Marmalade : (n.) A preserve or confection made of the pulp of fruit, as the quince, pear, apple, orange, etc., boiled with sugar, and brought to a jamlike consistence.
Another beautiful and wonderful tradition I follow is bitter marmalade making. A tradition which is about giving and not so much about getting. This is the time of the year that the tangerine tree is laden with fruit and calling my name. I have a tradition of making bitter orange marmalade at this time of the year, packaging it in reusable jars that I collect through the year, and gifting them. I have a long list of bitter marmalade lovers who await their annual ‘share’!

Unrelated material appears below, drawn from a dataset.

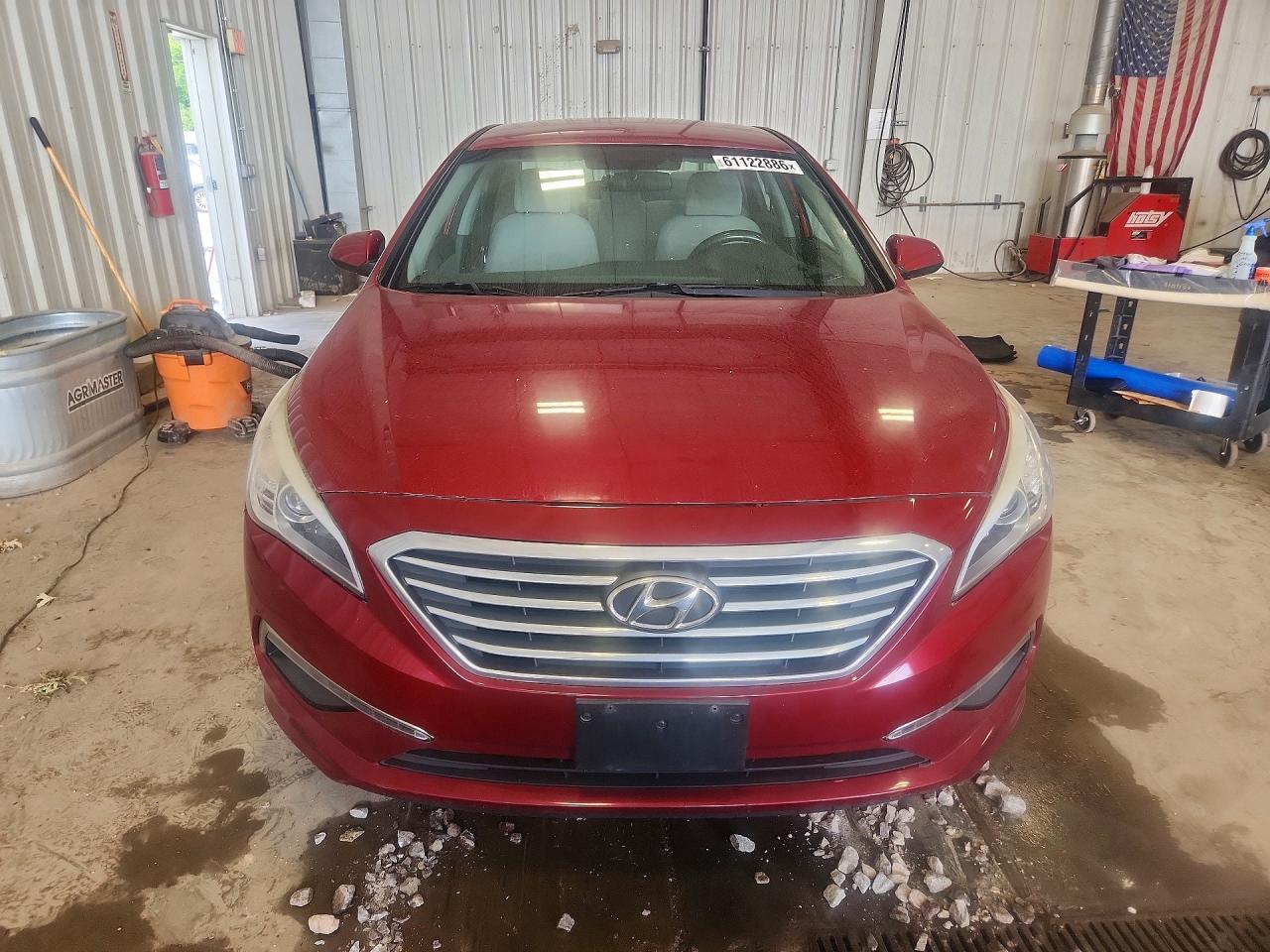 2015 Hyundai Sonata Se Burgundy vin: 5NPE24AF7FH068382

Most people here gow tangerine shrubs purely for it’s ornamental beauty as the fruit is sour beyond belief. I love putting the pretty fruit to better use, which is both eye candy & tantalizing to the taste buds. This is traditional British-style marmalade made with a recipe handed down from my mothers’ friend. British marmalade is a sweet preserve with a bitter tang made from fruit, sugar, water and, in some commercial brands, a gelling agent. American-style marmalade is sweet, not bitter.
Tangerines are easy fruit to preserve as jam, as the seeds are high in pectin content. This particular recipe has the seeds tied together in a tiny piece of cheesecloth and immersed in the ingredients during the process. I think it adds to the conventional bitter edge to the marmalade.